An easy "fix" would be to use https://docs.rs/indexmap/1.3.2/indexmap/map/struct.IndexMap.html which would maintain the order of the properties, though this would then mean either changing the API, copying to a hash map each time, or maintaining both a hash map and an indexmap (or just an order list).

I'm currently working around this by doing my own parsing of org files into a tree of headlines, and then only using Orgize to change them, or parse them but not write them out. This means that headlines never change unless I change them, in which case their property order is lost.

Support for org-entities (special symbols)

Hi,

I use Firn, a static site generator, that depends on Orgize.
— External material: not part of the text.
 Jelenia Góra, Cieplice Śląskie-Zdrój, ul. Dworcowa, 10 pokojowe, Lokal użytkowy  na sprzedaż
I want to use org-mode's special symbols in my org files, and produce the expected HTML ( with non breaking spaces and narrow no-break spaces for the moment, but I may need many other special symbols too).

When I use the live demo,
And input this : Hello\nbsp{}world
I get this :
{"type":"document","children":[{"type":"section","children":[{"type":"paragraph","children":[{"type":"text","value":"Hello\\nbsp{}world"}]}]}]}

Special symbols are parsed as plain text in the generated json.
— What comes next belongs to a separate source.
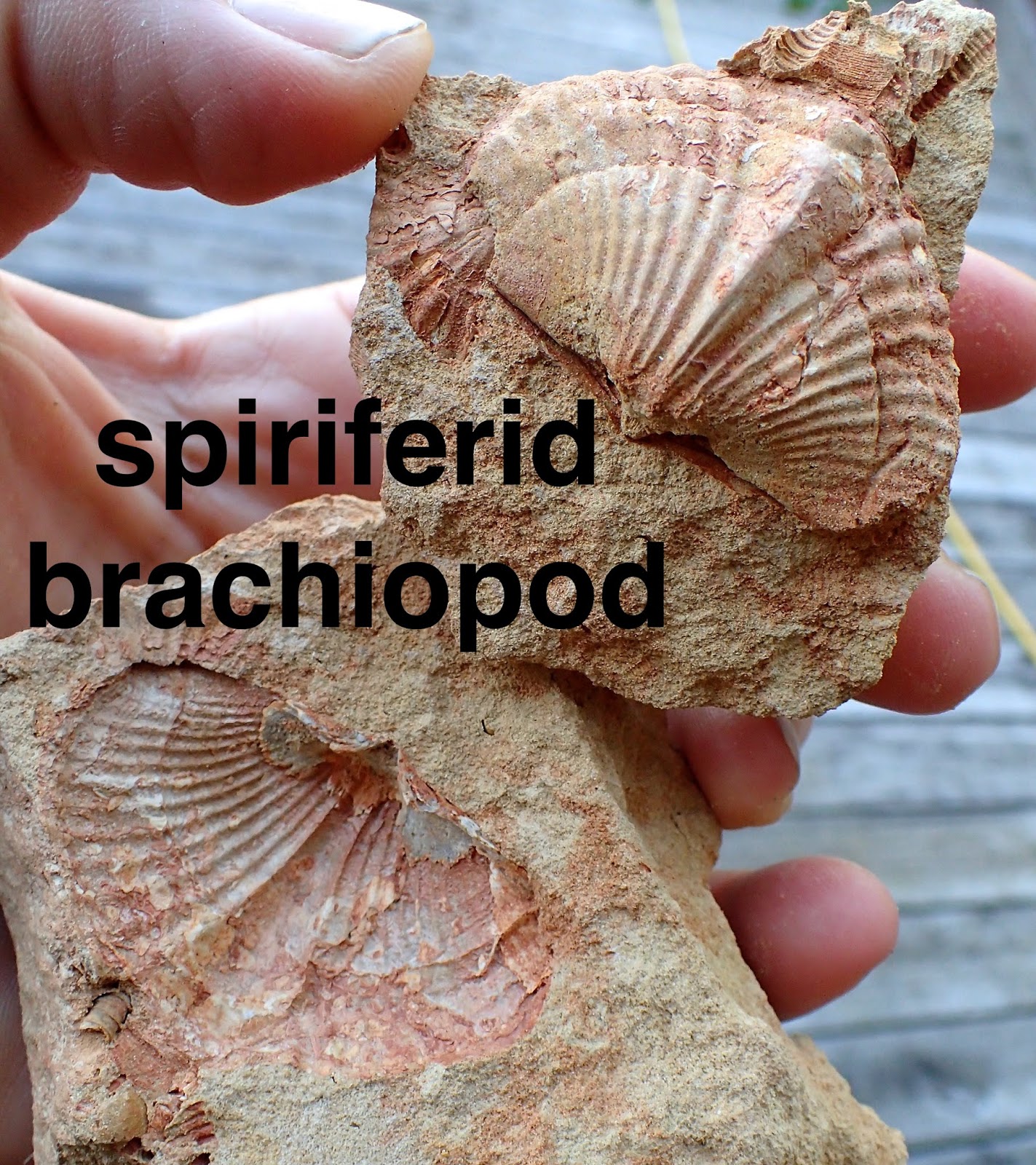 Zookeeper Fossils West Virginia Fossils May Trump Arrowheads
Do you think that a support for org-entities is doable, or should it be done directly in the client code ?

Tags separated from headline text by \t not recognized

This is a fairly minor issue, but it does differ from org-mode's behavior. My read of the spec is completely ambiguous on this point -- it explicitly specifies (and org will only recognize) that the *** of the headline MUST end with a "space", but org-mode seems to accept \t and possibly other exotic whitespace (untested) for separating the tags from the rest of the headline.

I'm going to file this since I noticed it, but I can also see the argument that this is working as intended.
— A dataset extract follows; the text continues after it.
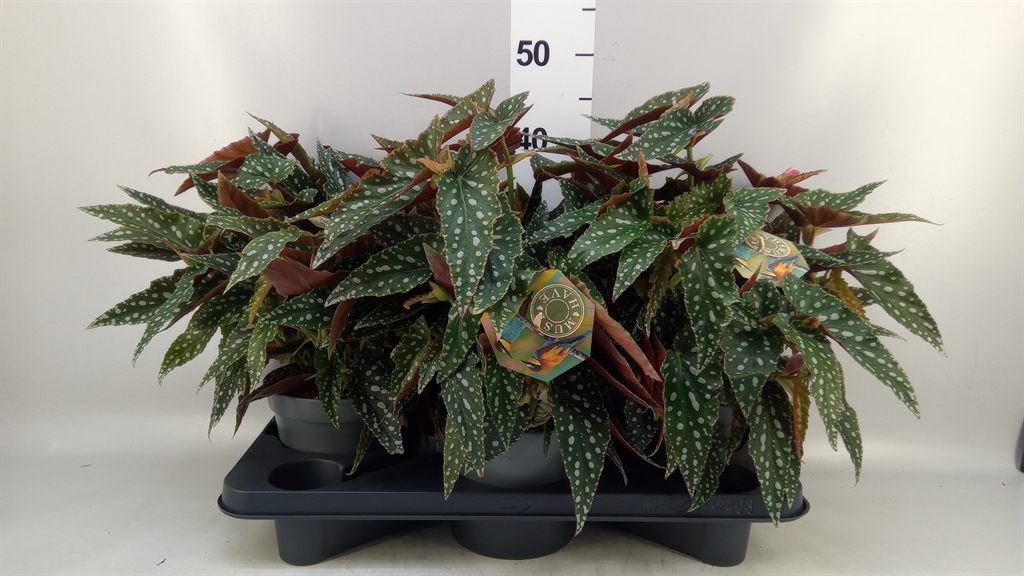 Begonia Foliage Maculata Spotlight Green 17Ø 35cm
discuss: a new specifications

A correct implementation requires a precise specifications. However, neither org syntax draft nor org elements api can really serves as a good specifications: Org syntax doesn't specify syntax unambiguously, meanwhile, org-elements-api is quite buggy and provides some apparent wrong results in some cases (e.g. #22, #19 and #14).

To resolve that, I think the ultimate solution is to maintain a specification by our own. To be clear, it's not going to create a subset of org markup language but just describes the expected results you will get when using orgize.

Fortunately, we don't need to start from scratch. We can just make a copy of the original org syntax and adapt it for our needs (like defining required and optional fields). Then, I would like to borrow some concepts from CommonMark Spec, especially the part of handling whitespace and list indenting. In short, our new specification will be majorly based on org syntax and with some modifications and additions.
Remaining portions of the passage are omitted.